Votre rapporteur ne souhaite pas détailler plus avant chacun de ces éléments. Il note cependant que l'assiette soulève les problèmes les plus critiques. En effet, avec le développement de l'ingénierie financière et, surtout, sa complexité croissante, il existe des milliers d'opérations financières qui, par nature, pourraient donner lieu à taxation. Or il semble très difficile de les lister et même d'en avoir une idée exhaustive.
Plus encore, il est à craindre que l'apparition incessante de nouveaux produits financiers conduise une partie des transactions à être exonérées de la taxe. Un imposant travail technique doit encore être effectué par les autorités nationales, même si aucun obstacle n'apparaît, à ce stade, dirimant . Cette contrainte ne fait que renforcer l'obligation d'adopter une TTF au niveau multilatéral.
d) Une taxe sur les transactions financières peut-elle influencer le système financier ?
La TTF poursuit un but unique : lever des ressources pour le développement. Pour autant, il apparaît légitime de s'interroger sur les effets potentiels qu'elle pourrait avoir sur les marchés financiers.
Ainsi, dans sa résolution du 10 mars 2010 citée plus haut, le Parlement européen invite la Commission à lui présenter un rapport sur une taxe sur les transactions financières qui « contribuerait à couvrir les coûts engendrés par la crise ». Le document devra particulièrement s'attacher à explorer ses avantages et ses inconvénients en étudiant « les comportements d'évasion fiscale, la fuite de capitaux ou les offres de services en délocalisation », ainsi qu'à examiner « la mesure dans laquelle une taxe sur les transactions financières contribuerait à la stabilisation des marchés financiers par son impact sur l'excès des négociations à court terme ou la spéculation et sur la transparence » .

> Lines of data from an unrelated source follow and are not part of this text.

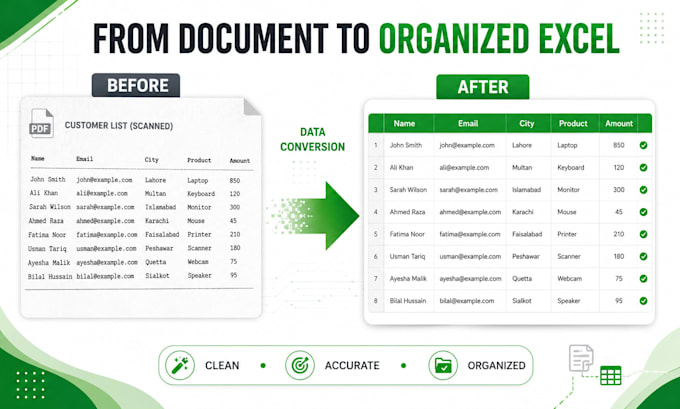 convert PDF and image to excel spreadsheet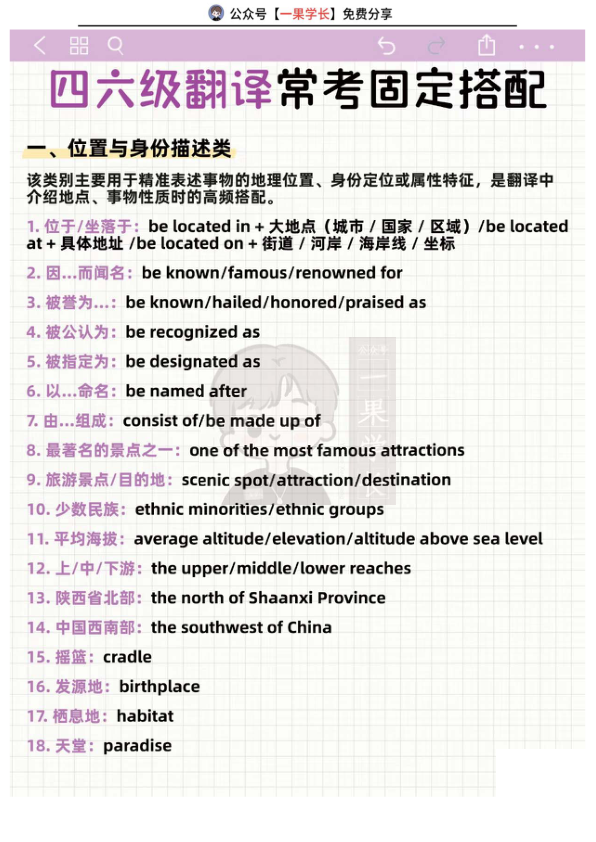 26四六级翻译高频搭配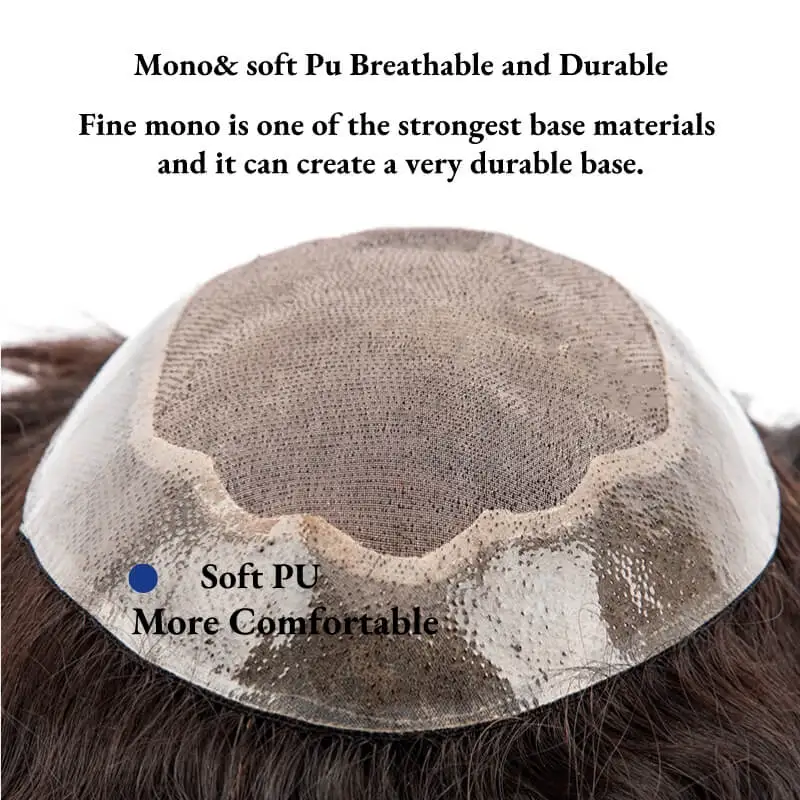 Рисунок 2 - Мужской моно-и мягкий капиллярный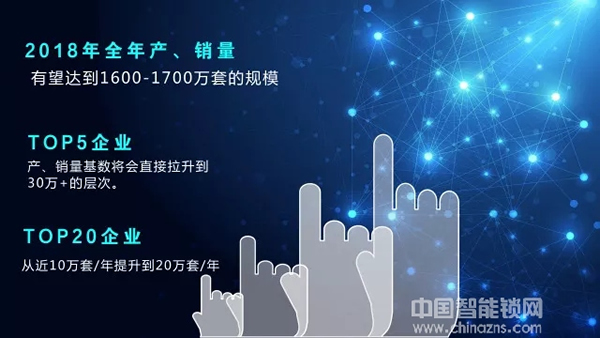 干貨分享——中國智能門鎖行業半年報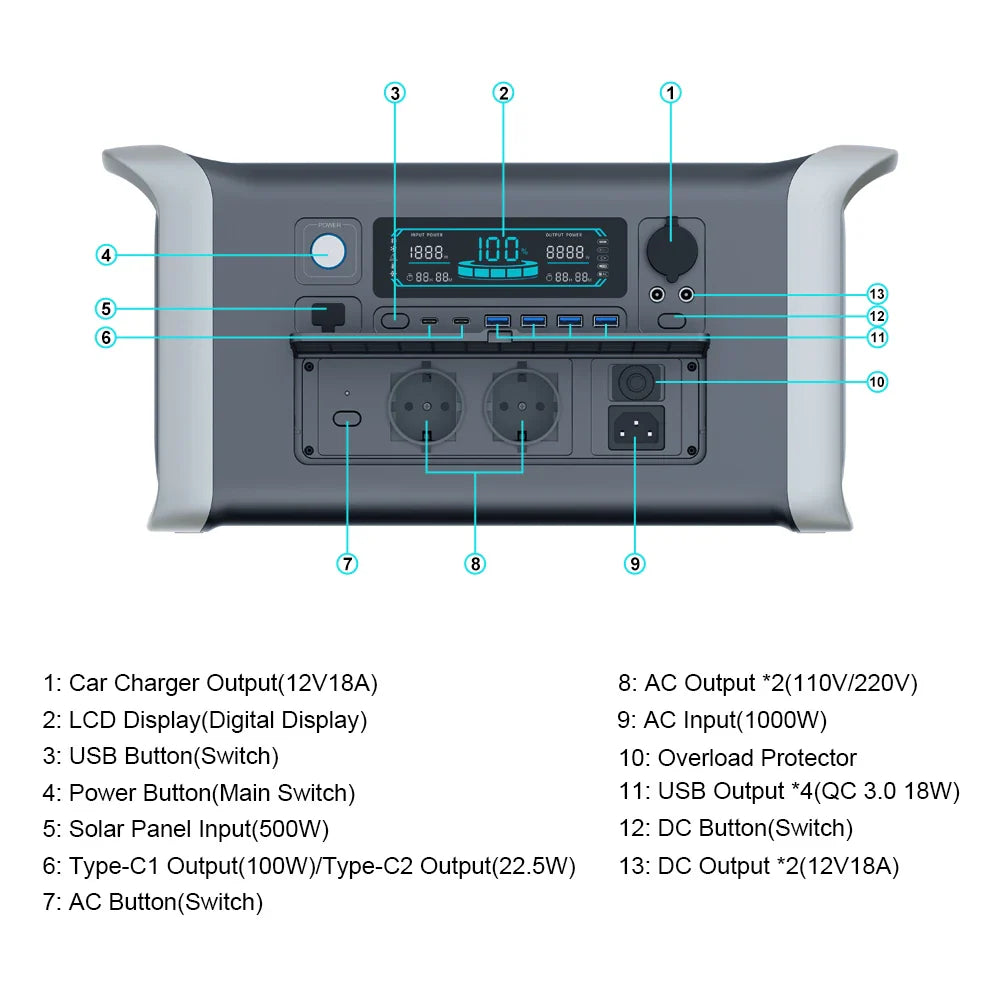 2400W 1800W 1000W Portable Power Station 1024Wh 2048Wh 220V Camping Solar Generator Powerful Powerstation Home RV Battery Backup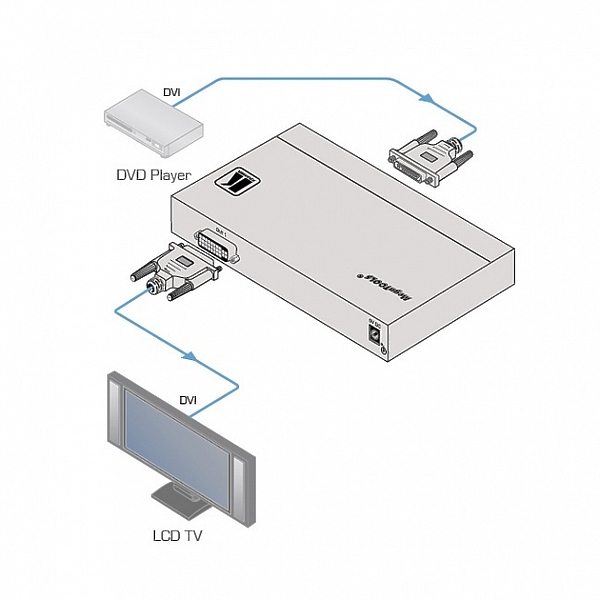 Усилитель-распределитель Kramer VM-200HDCP артикул 243124Si-1 фото 4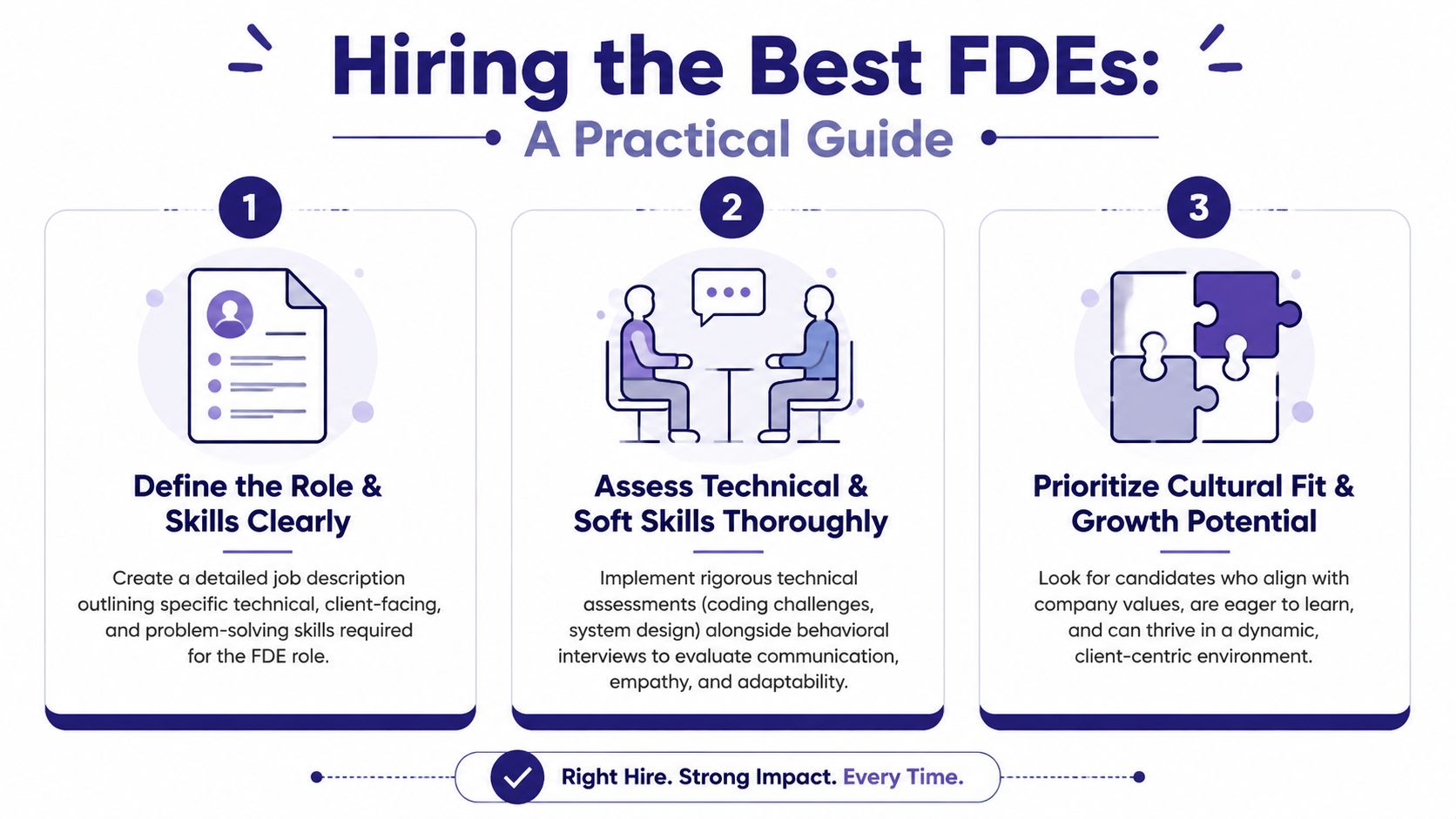 An infographic outlining a three-step practical guide for hiring the best forward deployed engineers effectively.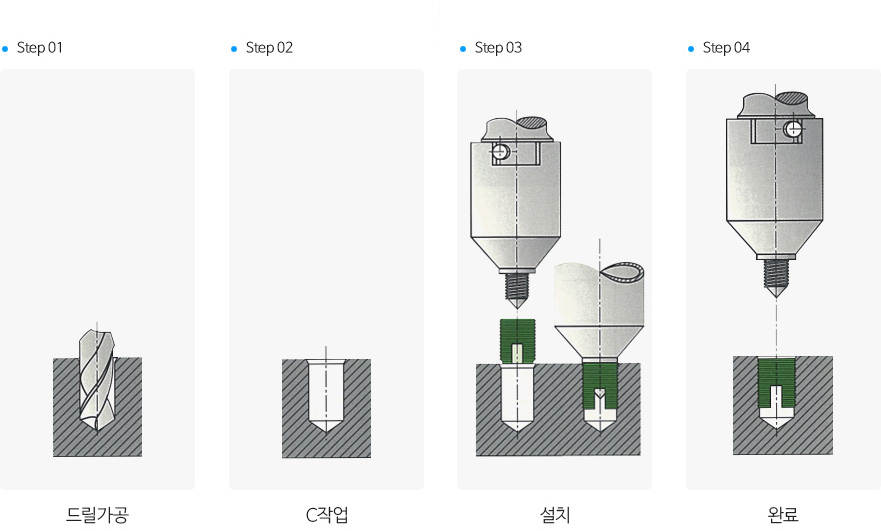 작업방법에 대한 이미지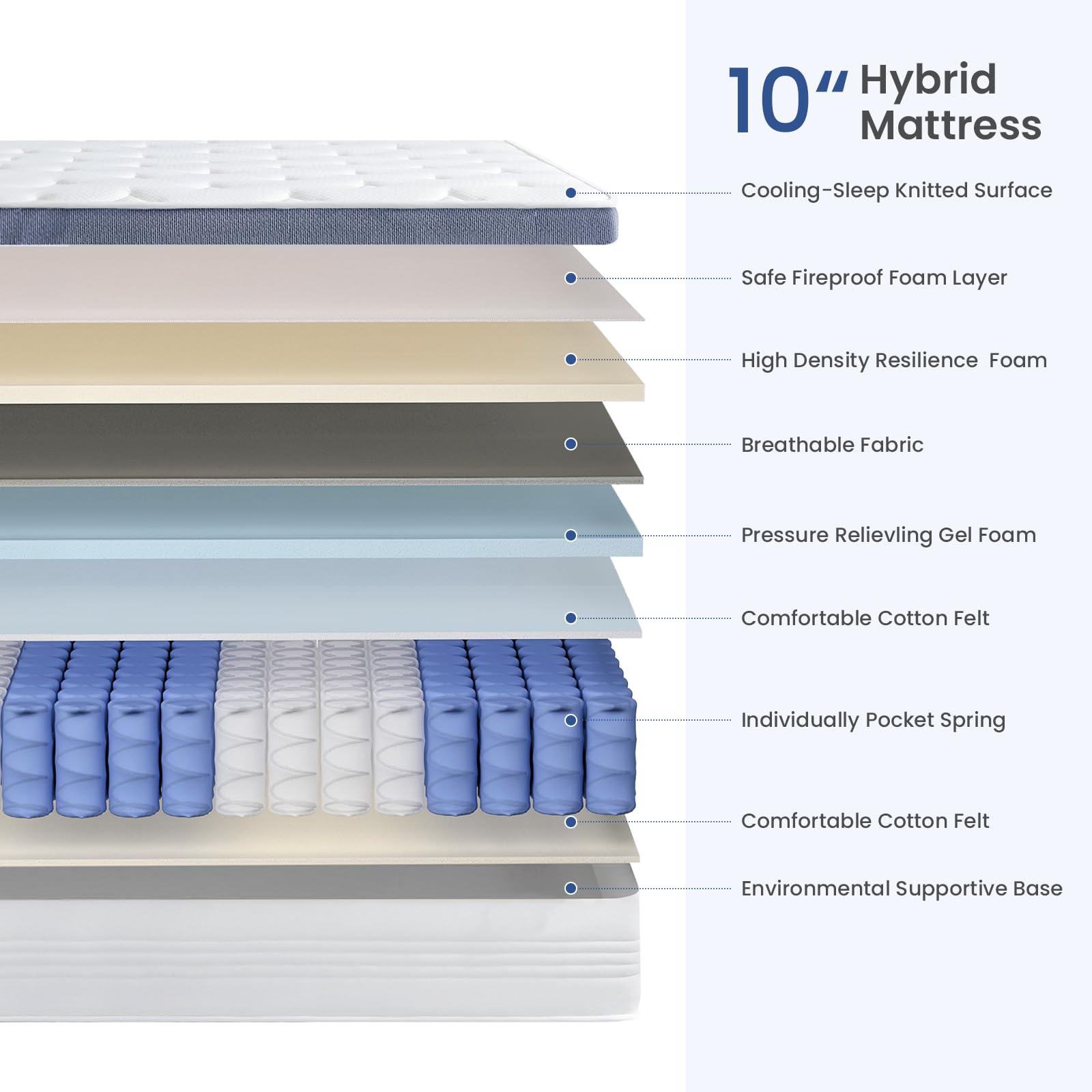 Dourxi Full Size Mattress 10 Inch, Hybrid Full Mattress In A Box With Cooling Gel Memory Foam And Individually Pocket Innersprin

Les précautions prises par le Parlement européen tendent à montrer que les effets d'une taxe sur les transactions financières sur la stabilité et le comportement des marchés sont encore mal appréhendés .
Si le taux de la TTF est suffisamment faible, elle ne devrait pas entraîner d'externalités, qu'elles soient positives ou négatives.
Il est, en revanche, possible de prévoir qu'une partie du produit de la TTF soit versé à un fonds de résolution qui, pour sa part, aurait vocation à participer à la régulation et à la stabilisation financières internationales. Une telle solution conduirait cependant à lever moins de ressources pour le développement.
C'est pourquoi, dès lors que les pouvoirs publics poursuivent deux objectifs, il semble plus opportun qu'ils disposent de deux outils distincts et clairement identifiés . Une taxe sur les institutions financières est ainsi envisagée au niveau global.
* 6 L'Allemagne, l'Autriche, la Belgique, le Brésil, le Chili, l'Espagne, la France, le Japon, la Norvège, le Royaume-Uni et le Sénégal.
* 7 Cf. compte-rendu de l'audition de Bernard Kouchner, ministre des affaires étrangères et européennes, le 26 mai 2010, par la commission des finances et la commission des affaires étrangères, de la défense et des forces armées du Sénat.
* 8 Journal officiel du 1 er mars 1999.